The main suggestion in this chapter (developed at 25.07) is that the fundamental and important principles of civil justice can be usefully arranged under these five headings (‘The Five Constellations of Procedural Principle’):
(i) Advice and Access: Empowering the Parties;
(ii) Conditions for Sound Decision-Making;
(iii) An Efficient Process;
(iv) A Fair Process;
(v) Upholding Judgment.
Constitutional procedural principles have become prominent, both at the level of national law (so-called ‘Common Law constitutional rights’) and at within the sphere of international convention.
As for the latter, in matters of human rights, including fundamental procedural principles, Europe Convention States, including the United Kingdom, must comply with the jurisprudence of the Strasbourg court concerning on the guarantees contained in Article 6(1) of the European Convention on Human Rights (30.02 ff).
The Human Rights Act 1998, which took effect in October 2000, rendered the European Convention on Human Rights directly applicable in English courts. Article 6(1) of the Convention states:
Right to a Fair Trial: In the determination of his civil rights and obligations or of any criminal charge against him, everyone is entitled to a fair and public hearing within a reasonable time by an independent and impartial tribunal established by law.
That important codification of fundamental principle consists of the following elements: the rights to:
(i) ‘a fair hearing’: this is a wide concept embracing:
(a) the right to be present at an adversarial hearing;
(b) the right to equality of arms;
(c) the right to fair presentation of the evidence;
(d) the right to cross-examine opponents’ witnesses; and
(e) the right to a reasoned judgment (29.20 ff);
(ii) ‘a public hearing’: including the right to a public pronouncement of judgment;
(iii) ‘a hearing within a reasonable time’; and
(iv) ‘a hearing before an independent and impartial tribunal established by law’ (on ‘judicial independence’, 26.01 ff ; on ‘judicial impartiality’, 26.19 ff).
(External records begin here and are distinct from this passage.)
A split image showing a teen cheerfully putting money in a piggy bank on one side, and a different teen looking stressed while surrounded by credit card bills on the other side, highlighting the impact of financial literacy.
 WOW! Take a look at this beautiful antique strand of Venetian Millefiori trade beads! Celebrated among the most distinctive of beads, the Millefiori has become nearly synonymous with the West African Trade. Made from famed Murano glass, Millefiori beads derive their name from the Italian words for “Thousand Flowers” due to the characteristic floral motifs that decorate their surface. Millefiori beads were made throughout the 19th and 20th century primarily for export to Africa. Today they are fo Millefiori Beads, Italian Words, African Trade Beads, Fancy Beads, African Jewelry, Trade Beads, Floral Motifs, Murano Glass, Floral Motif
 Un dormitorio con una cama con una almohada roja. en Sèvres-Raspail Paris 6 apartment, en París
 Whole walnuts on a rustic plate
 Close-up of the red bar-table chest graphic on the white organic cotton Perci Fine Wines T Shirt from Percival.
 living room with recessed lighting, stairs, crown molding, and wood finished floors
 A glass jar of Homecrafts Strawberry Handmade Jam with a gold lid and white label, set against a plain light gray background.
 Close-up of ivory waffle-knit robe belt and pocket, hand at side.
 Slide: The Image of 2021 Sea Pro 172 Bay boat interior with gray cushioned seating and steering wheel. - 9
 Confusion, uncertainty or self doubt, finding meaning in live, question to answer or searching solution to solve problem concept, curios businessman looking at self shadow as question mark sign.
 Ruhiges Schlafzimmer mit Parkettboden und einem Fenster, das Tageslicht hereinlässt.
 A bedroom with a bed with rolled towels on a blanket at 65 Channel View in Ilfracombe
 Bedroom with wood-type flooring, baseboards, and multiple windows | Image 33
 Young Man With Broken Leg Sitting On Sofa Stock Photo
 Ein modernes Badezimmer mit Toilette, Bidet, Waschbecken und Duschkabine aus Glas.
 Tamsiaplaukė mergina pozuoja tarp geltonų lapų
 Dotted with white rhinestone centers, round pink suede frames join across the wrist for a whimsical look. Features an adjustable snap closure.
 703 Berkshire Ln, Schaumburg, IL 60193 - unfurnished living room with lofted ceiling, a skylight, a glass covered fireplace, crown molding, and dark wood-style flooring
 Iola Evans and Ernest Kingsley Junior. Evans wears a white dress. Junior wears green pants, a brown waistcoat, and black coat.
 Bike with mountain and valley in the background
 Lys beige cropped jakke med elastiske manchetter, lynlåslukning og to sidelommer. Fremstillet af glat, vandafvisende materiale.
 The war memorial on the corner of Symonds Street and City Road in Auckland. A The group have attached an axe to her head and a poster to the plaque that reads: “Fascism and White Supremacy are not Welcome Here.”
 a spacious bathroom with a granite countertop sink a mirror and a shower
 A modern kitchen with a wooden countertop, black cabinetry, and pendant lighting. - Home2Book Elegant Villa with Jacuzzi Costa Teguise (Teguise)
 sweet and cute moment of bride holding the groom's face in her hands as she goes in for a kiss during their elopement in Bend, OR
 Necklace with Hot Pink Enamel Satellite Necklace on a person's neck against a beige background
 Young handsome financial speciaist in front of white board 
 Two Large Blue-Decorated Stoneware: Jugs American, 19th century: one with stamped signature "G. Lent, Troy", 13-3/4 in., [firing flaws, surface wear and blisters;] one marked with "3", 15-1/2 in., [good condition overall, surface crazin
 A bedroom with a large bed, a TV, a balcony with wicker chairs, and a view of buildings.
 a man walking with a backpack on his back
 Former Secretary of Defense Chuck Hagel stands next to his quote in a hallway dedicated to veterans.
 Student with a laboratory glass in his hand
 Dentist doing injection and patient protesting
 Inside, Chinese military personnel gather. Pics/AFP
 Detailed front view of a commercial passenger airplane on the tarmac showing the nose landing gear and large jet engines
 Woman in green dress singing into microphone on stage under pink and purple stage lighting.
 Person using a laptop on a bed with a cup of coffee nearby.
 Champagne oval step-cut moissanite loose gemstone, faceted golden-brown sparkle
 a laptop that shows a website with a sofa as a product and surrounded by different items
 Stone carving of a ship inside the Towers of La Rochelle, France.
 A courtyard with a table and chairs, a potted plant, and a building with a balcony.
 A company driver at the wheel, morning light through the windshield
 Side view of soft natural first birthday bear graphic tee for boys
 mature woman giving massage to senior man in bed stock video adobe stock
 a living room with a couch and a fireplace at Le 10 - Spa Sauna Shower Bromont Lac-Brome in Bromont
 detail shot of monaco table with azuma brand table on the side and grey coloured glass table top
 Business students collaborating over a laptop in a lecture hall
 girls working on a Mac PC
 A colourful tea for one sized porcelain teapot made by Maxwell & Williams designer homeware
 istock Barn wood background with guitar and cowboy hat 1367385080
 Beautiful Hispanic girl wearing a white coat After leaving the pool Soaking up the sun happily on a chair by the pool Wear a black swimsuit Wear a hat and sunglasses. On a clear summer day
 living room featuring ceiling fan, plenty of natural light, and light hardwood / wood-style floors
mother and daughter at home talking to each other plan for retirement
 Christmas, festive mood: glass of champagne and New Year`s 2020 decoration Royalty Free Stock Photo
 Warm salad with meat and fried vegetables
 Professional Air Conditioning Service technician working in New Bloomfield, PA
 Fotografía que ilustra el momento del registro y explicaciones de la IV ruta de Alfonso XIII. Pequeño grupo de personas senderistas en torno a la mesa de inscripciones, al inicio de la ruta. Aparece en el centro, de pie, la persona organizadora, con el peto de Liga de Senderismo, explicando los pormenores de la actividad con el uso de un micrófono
Besides these external influences, there is the internal task of arranging a set of fundamental procedural norms. Such a canon of principles seems indispensable if lawyers are to view procedural justice in a coherent and systematic way. International scholarly discussion thrives on fundamental principle.
A stimulating examination of procedural principles is the American Law Institute/UNIDROIT Principles9 although these principles are non-binding (25.129 ff).